PROBLEM TO SOLVE:
In full and without alteration, write out the records.

___ PROVIDED RECORDS

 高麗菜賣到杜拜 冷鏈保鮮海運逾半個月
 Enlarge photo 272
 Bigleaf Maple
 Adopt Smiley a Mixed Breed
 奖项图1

______

OUTPUT FOR THIS TASK:
 高麗菜賣到杜拜 冷鏈保鮮海運逾半個月
 Enlarge photo 272
 Bigleaf Maple
 Adopt Smiley a Mixed Breed
 奖项图1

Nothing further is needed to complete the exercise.